Nevertheless, Obama pronounced himself “still fired up and ready to go” after the second-place finish in New Hampshire. “You know, a few weeks ago no one imagined that we’d have accomplished what we did here tonight in New Hampshire,” he told his supporters. “For most of this campaign, we were far behind. We always knew our climb would be steep. But, in record numbers, you came out and you spoke up for change. And with your voices and your votes you made it clear that at this moment in this election there is something happening in America.” He congratulated Clinton on a hard-fought victory and asked the crowd to give her a round of applause. “All the candidates in this race have good ideas and all are patriots who serve this country honorably,” Obama said.

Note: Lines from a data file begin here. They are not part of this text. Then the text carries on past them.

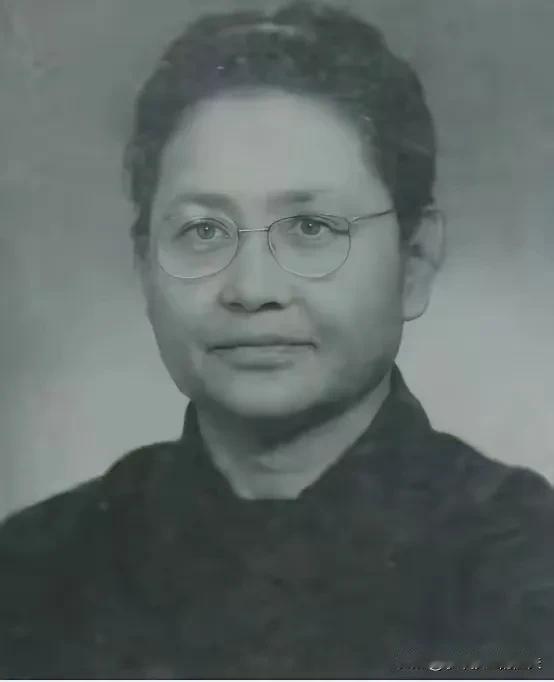 1949年，76岁的军阀李德全强娶了19岁的逃难女学生周秀英。新婚夜，李德全刚扯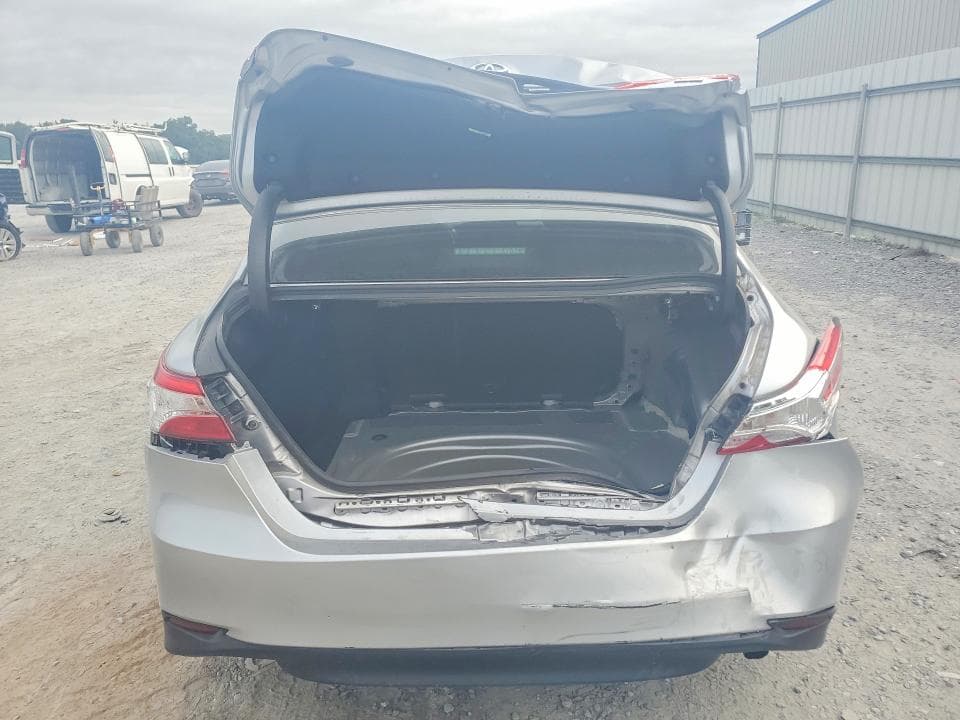 2018 TOYOTA CAMRY LE 6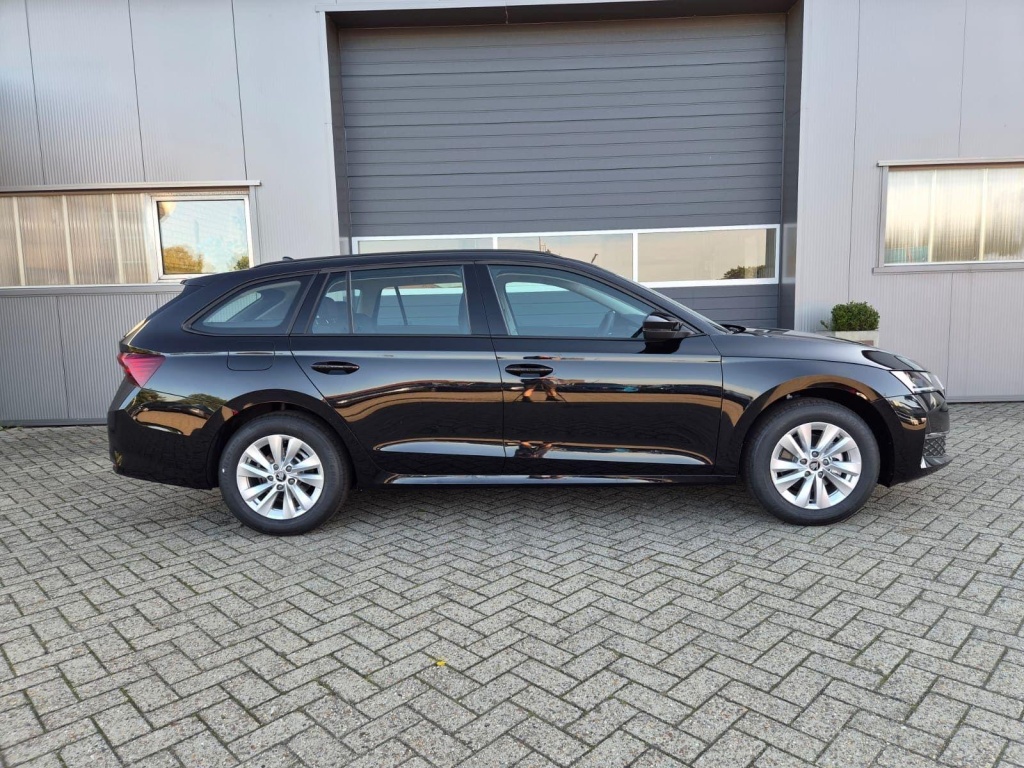 SKODA Octavia Combi 1.5 Gasoline 150hp DSG - ref: 7-70103 - Photo 6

Four years ago, when the ballots were cast in New Hampshire’s presidential primary, hardly anyone in the United States knew the name Barack Obama. This time, bidding to become the first African-American president, he was in the thick of a fight with the most famous name in Democratic politics. Obama had hoped that his victory in Iowa would create a bandwagon that would take him through to the nomination. But Tuesday night’s results caught his campaign off guard. That was hard to tell from the cheers that went up when he and his wife, Michelle, walked into the room to loud chants of “Obama, Obama.”
They approached the platform holding hands. Both applauded and waved to the crowd, then hugged and kissed briefly. “We know the battle ahead may be long. But always remember that no matter what obstacles stand in our way, nothing can stand in the way of the power of millions of voices calling for change,” Obama said.
Now, on to South Carolina, where Obama is leading Clinton in the polls, 42% to 30%.